Dogs placed as sports prospects really should be stable, comfortable, resilient, and confident. They should be comfortable in new places, meeting new people, and around new dogs. They need not be extremely friendly and pro-social with dogs or people, as their work will be with their handler, and not (usually) with strangers or strange dogs. But they must be comfortable learning to ignore all the distractions that they may encounter as sports competitors.
To help avoid a lousy placement, consider the following.
Dogs who want to work for a variety of reinforcers are desirable: One of the most insightful comments I've heard on this comes from flyball teacher extraordinaire Aaron Robbins. Asked about picking a good performance puppy, he said that after identifying a promising litter, he would pick the puppy who wanted to get in his lap and play with him and his tug toy. (Note the total absence of complicated temperament testing here!) This is a puppy who likes people, wants to play with them, and likes to tug - a great combo for a sports pup. Desire to play ball is also useful, but please note that true ball obsession is a serious negative for flyball (really, just trust me on this). Desire to work for food is the most common and it is very useful, though most active-speed-sports handlers will want some good toy drive as well. It's great to be able to use food for early skill building and then switch to toy play to build speed and style.
Tug: Overall, a lot of the active sports handlers would prefer a dog who loves to play tug. Tug is a great reinforcer for sports training, for various reasons. Dogs who take the toy off into the corner to chew or guard it probably don't love the game, but rather like to possess the toy; this is not the right fit for a sports home. Dogs who shove the toy at you to get you to play more are the ones sports handlers will be looking for. If you are considering a dog as a sports candidate, make a point of trying to get it to play tug. Run around with a long floppy tug dragging behind you on the ground and see if the dog wants to chase and grab it. (Don't shove the toy into the dog's mouth - don't even stand facing the dog, as this can intimidate some. Face away, move away from the dog, wiggle the toy enticingly on the ground.) Video of a dog loving a game of tug can be a great marketing tool if the dog looks like a good sports candidate overall.

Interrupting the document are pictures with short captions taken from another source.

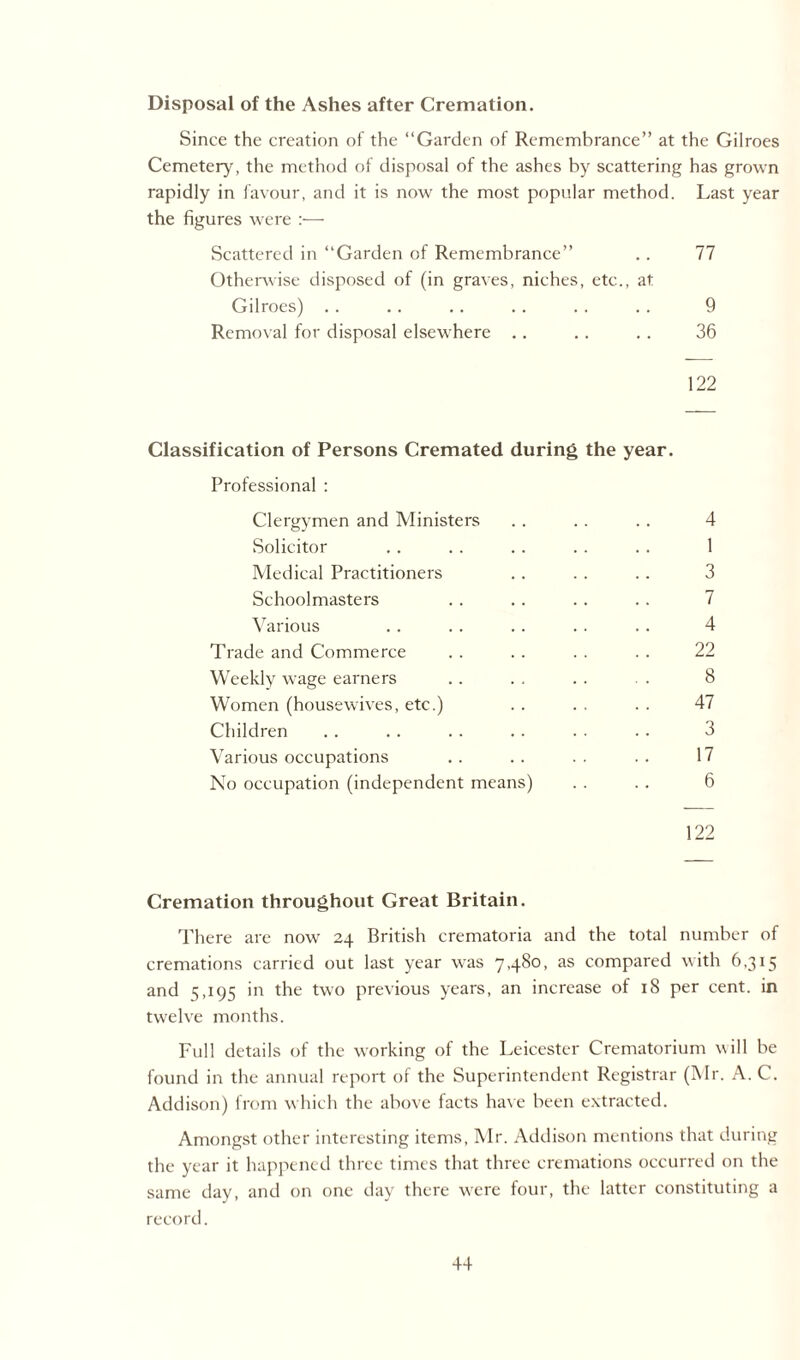 Disposal of the Ashes after Cremation. Since the creation of the “Garden of Remembrance” at the Gilroes Cemetery, the method of disposal of the ashes by scattering has grown rapidly in favour, and it is now the most popular method. Last year the figures were :— Scattered in “Garden of Remembrance” .. 77 Otherwise disposed of (in graves, niches, etc., at Gilroes) . . . . .. .. . . . . 9 Removal for disposal elsewhere .. .. . . 36 122 Classification of Persons Cremated during the year. Professional : Clergymen and Ministers . . . . . . 4 Solicitor . . . . . . .. . . 1 Medical Practitioners . . . . .. 3 Schoolmasters . . . . . . .. 7 Various . . . . .. . . .. 4 Trade and Commerce . . . . . . . . 22 Weekly wage earners .. . . . . . . 8 Women (housewives, etc.) . . . . . . 47 Children . . . . . . . . . . . . 3 Various occupations .. .. .. .. 17 No occupation (independent means) . . . . 6 122 Cremation throughout Great Britain. There are now 24 British crematoria and the total number of cremations carried out last year was 7,480, as compared with 6,315 and 5,195 in the two previous years, an increase of 18 per cent, in twelve months. Full details of the working of the Leicester Crematorium will be found in the annual report of the Superintendent Registrar (Mr. A. C. Addison) from which the above facts have been extracted. Amongst other interesting items, Mr. Addison mentions that during the year it happened three times that three cremations occurred on the same day, and on one day there were four, the latter constituting a record.
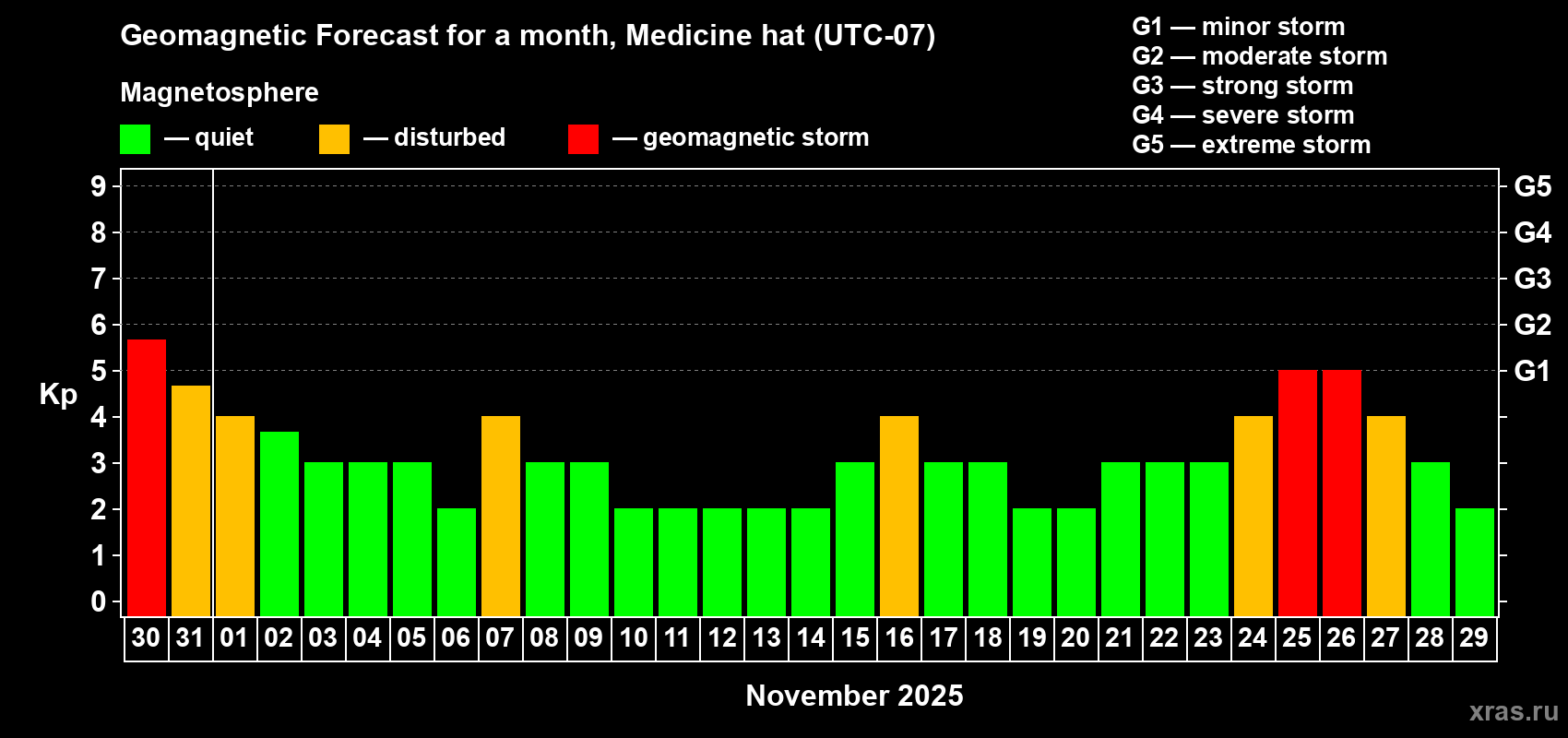 Forecast of the daily maximal value of geomagnetic index Kp for <b>1 month</b> (31 days) <b>from Oct 30, 2025 to Nov 29, 2025</b>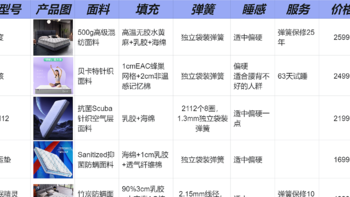 床垫参数太复杂，不看参数怎么选床垫？再小白盲冲这几款都不会错！（精选15个国货品牌最热销床垫）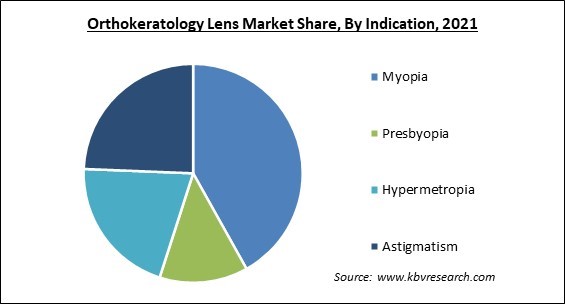 Orthokeratology Lens Market Share and Industry Analysis Report 2021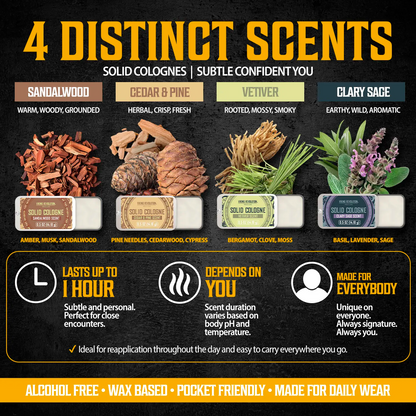 Solid Cologne for Men – Travel Size Tins | Alcohol-Free Balm | Multiple Scents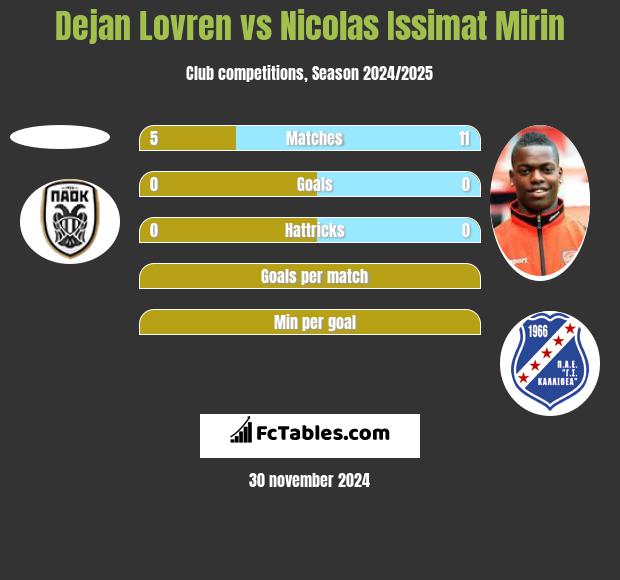 Dejan Lovren vs Nicolas Issimat Mirin h2h player stats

Drive is usually good!: To be clear, "drive" is not a scientific term and people disagree on what it means. The working (ring sport/protection sport) crowd utilizes a behavior model encompassing various drives (prey, pack, fight, etc.), although it seems to be some use to the people in that particular subset of dog sports. More generally, I'm going to refer to drive as "an intense desire to do some kind of work." If we define the type of work as activities that are useful in training for sports, then drive is good. To break this down, high drive for playing fetch with a ball, playing tug, and/or earning food rewards is a good thing. This means the dog will work in an intense and sustained manner for the opportunity to engage in the play or get the food. As training progresses, this is the dog who will persist in performing the behavior when external reinforcement events get further and further apart. In obedience, a dog must perform with spirit and precision for several minutes with zero conventional reinforcement. No food or toys are allowed in the ring. The best obedience dogs quickly find working with their person reinforcing and are happy to persist in fine work until they're out of the ring and get to eat some liver brownies or play with their toy. Many dogs just don't have this in them, and this kind of persistence for the enjoyment of the work is one of the primary traits working breeders are selecting for.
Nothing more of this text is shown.